My name is Andy, and I’m a twenty-something white kid from the suburbs who pissed away his parents’ money at Ohio State and is now making a pathetic attempt to pursue a career as a writer in order to justify a $30,000 bachelors degree in English. On that note, I’m going to be treating my comments section like one big creative writing workshop, so please give me feedback. If you like my writing, I want you to tell me why. If you don’t like my writing, I especially want you to tell me why. I can take it. Just don’t be an asshole solely for its own sake. If you must crap on my hopes and dreams, be constructive about it.
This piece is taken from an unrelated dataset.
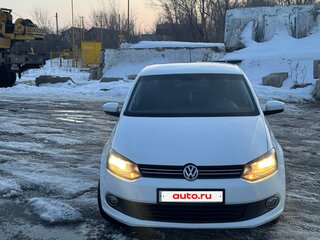 2013 Volkswagen Polo V, белый, 550000 рублей, вид 2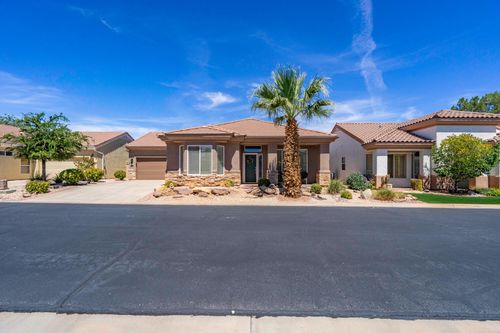 1574 W Poppy Hills Cir, Saint George, UT, 84790-4417 | Card Image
When I was researching the best way to go about starting a blog, the number one thing that I was cautioned about was blogging about nothing. In other words, everyone said that if you’re going to write a blog, have an area of expertise: write about something you know inside and out. That way, people will have a reason to come to you, i.e., for advice on said area of expertise. Unfortunately, I don’t have a real marketable skill set, or a thorough knowledge of anything relevant, so I’ve decided to completely ignore rule number one. Not that it really matters, because if you have found yourself in the unlikely circumstance of caring about what I have to say, there’s a %99 percent chance that you have a previous relationship with me (varying in intimacies, of course).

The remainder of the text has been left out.